*** Available data Section Begins ***

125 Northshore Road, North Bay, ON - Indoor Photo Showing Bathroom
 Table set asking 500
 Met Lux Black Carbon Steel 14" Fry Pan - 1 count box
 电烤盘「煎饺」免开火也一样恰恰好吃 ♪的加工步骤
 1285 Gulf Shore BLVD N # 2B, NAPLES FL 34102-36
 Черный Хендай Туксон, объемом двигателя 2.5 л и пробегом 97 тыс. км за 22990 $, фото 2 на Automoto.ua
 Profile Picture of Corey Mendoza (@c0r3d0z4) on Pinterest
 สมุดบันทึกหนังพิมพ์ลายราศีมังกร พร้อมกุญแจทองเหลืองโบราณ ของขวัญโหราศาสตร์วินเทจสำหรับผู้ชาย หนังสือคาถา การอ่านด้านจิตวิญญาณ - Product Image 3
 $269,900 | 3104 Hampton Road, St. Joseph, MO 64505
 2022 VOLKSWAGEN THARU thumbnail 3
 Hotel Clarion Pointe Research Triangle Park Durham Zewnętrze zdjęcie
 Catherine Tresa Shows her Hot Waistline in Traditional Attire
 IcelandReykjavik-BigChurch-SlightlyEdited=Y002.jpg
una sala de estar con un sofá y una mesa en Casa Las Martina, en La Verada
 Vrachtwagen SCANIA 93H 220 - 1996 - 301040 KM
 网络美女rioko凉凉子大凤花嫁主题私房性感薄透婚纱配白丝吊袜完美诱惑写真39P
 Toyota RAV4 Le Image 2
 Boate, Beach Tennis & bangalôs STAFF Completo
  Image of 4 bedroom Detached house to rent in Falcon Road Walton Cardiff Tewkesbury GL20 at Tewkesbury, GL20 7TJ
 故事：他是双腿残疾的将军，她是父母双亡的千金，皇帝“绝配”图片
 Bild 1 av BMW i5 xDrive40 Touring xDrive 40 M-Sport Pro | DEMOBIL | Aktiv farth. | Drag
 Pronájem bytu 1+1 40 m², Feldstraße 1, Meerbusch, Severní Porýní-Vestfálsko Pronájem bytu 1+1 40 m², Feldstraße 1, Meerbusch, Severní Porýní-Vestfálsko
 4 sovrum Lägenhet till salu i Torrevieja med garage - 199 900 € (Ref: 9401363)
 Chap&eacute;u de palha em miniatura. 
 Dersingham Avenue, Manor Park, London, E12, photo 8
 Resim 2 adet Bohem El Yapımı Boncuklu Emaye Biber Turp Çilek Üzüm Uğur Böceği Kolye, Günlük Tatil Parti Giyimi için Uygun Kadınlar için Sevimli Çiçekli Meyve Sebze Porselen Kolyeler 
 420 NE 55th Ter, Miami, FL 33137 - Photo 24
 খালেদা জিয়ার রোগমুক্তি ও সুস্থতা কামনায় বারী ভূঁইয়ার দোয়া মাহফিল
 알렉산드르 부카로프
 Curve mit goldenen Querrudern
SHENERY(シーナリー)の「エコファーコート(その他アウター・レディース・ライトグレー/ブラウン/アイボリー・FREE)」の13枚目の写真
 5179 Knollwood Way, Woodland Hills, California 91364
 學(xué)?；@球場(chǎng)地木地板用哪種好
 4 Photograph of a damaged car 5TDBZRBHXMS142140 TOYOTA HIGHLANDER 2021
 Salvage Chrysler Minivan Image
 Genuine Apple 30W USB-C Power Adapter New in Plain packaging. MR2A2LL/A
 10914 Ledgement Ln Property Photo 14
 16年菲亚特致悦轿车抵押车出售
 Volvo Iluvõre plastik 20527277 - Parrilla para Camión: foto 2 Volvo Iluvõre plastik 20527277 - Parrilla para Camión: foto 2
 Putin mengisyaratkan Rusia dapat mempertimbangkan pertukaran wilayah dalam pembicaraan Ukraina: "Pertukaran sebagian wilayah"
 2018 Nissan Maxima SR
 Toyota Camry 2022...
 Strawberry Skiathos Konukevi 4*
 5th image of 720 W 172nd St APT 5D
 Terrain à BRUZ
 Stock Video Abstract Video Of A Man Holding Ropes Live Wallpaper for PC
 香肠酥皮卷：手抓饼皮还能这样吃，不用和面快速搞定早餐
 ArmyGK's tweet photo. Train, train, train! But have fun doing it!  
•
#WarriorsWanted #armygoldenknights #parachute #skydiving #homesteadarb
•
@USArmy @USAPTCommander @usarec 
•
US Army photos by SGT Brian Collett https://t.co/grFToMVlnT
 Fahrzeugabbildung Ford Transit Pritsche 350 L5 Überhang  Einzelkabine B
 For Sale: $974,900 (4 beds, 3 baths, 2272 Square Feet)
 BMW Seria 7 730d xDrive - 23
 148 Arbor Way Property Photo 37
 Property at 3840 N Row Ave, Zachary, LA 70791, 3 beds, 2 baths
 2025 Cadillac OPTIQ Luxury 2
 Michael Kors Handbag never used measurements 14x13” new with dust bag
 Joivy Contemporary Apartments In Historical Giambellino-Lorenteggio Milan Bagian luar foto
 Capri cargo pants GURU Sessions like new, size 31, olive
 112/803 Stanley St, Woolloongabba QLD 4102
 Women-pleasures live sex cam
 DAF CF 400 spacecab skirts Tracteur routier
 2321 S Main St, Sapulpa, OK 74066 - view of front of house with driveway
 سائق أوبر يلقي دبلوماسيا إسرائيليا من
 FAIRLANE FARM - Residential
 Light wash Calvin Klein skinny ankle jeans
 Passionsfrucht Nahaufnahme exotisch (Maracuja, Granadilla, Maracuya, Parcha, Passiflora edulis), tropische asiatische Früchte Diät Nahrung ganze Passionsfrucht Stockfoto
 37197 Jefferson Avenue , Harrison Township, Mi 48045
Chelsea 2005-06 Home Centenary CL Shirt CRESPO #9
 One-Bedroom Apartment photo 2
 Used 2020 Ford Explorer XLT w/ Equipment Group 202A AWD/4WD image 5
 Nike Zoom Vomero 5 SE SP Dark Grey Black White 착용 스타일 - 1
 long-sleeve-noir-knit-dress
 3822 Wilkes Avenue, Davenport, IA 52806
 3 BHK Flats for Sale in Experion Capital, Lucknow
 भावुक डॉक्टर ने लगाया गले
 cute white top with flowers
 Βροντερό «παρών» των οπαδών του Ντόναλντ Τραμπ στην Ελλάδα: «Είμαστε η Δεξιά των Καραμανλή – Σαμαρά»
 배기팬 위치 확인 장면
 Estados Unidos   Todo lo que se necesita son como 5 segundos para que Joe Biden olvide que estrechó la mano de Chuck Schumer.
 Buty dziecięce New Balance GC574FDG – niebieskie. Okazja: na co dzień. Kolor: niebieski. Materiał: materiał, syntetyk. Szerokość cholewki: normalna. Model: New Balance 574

*** Available data Section Ends ***

Problem requirements ▸ From the entries above, print the lines beginning at the one with "DAF CF 400 spacecab skirts Tracteur routier" and stopping after the one with "Light wash Calvin Klein skinny ankle jeans", exactly as written and with nothing else.

Written answer ▸
 DAF CF 400 spacecab skirts Tracteur routier
 2321 S Main St, Sapulpa, OK 74066 - view of front of house with driveway
 سائق أوبر يلقي دبلوماسيا إسرائيليا من
 FAIRLANE FARM - Residential
 Light wash Calvin Klein skinny ankle jeans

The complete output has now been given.